Land and Freedom

LAND AND FREEDOM, set during the Spanish Civil War, relates in a thoughtful, detailed and intimate way the idealism, confusion and cost of that conflict, a gallant, doomed romance on a national scale. Directed by Ken Loach, written by Jim Allen, it was shot in Spain around Aragon. When released in 1995 it drew positive reviews, with some marked dissenting opinions, but barely grazed the box office, having no star players to draw attendance. Like the volunteers who made their way across oceans and mountains to help during the war, this rare and rewarding drama requires some seeking to discover. *

The death of her grandfather leads a young woman in England to go through his old letters and documents. They reveal that as a young man in the mid 1930’s, ‘David Carr’ (Ian Hart) was a member of the Communist Party who volunteered to go fight against the fascist coup in Spain. He joins a militia outfit composed of Spaniards and men and women of several countries. The political labyrinth aspect of the war is as galling as the combat, and idealism is tested to the breaking point. Adding to the emotional toll exacted by an unequal struggle, David becomes involved with ‘Blanca’ (Rosana Pastor), comrade in arms.

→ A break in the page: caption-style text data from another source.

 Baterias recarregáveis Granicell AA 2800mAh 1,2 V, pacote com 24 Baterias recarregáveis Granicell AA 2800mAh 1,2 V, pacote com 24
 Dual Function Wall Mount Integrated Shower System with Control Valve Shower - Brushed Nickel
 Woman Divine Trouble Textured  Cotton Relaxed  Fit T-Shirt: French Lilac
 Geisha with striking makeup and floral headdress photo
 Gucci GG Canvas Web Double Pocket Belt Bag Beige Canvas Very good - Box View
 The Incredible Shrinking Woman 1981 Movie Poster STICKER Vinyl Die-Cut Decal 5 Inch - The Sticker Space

Eloquently written, acted with refreshing naturalism, the movie has a cumulative emotional charge that is all the more powerful because it doesn’t tarry to indulge in cheap romantic clichés or bogus “exciting” action scenes. The small-scale fighting segments carry sufficient impact (bullets don’t favor favorites), and the sense of camaraderie and commitment is palpable. There’s a lengthy segment of impassioned discussion about policy and effect that is beautifully conveyed, a rare instance of writing & direction that challenges the audience to listen and think, and better, actually assumes they’re able to without being “told” how to respond. It’s a mature and moving work.

Running 109 minutes, accompanied by a felt score from George Fenton, with a supporting cast including Tom Gilroy, Icíar Bollaín (a renowned director as well as actress), Marc Martinez, Frédéric Pierrot, Eoin McCarthy, Suzanne Maddock.

* Some criticism was leveled by veterans of the International Brigades, feeling the movie’s focus on the POUM militia, a quixotic group in a sideshow front, gave a distorted picture. Still other veterans and survivors disagreed with those critiques, so the differing reactions from actual participants, their passions still smoldering six decades on, at the very least reflect the complicated nature of the war, something the movie takes pains to portray. As the opening credits say, this “a story of the Spanish Revolution.” Not THE story.

Andy Durgan, historical advisor for the movie: “Today, when those who “know better” never tire of telling us that all is lost, nothing can be changed and nothing can be done, rather than forget about the past we have every reason to remember it. Revolutions mark the highest points in human history, when ordinary people, for once, really take control of their own destinies”….”Loach is saying the fight against fascism and the fight to end the system that breeds it, the fight for Libertad, goes on.”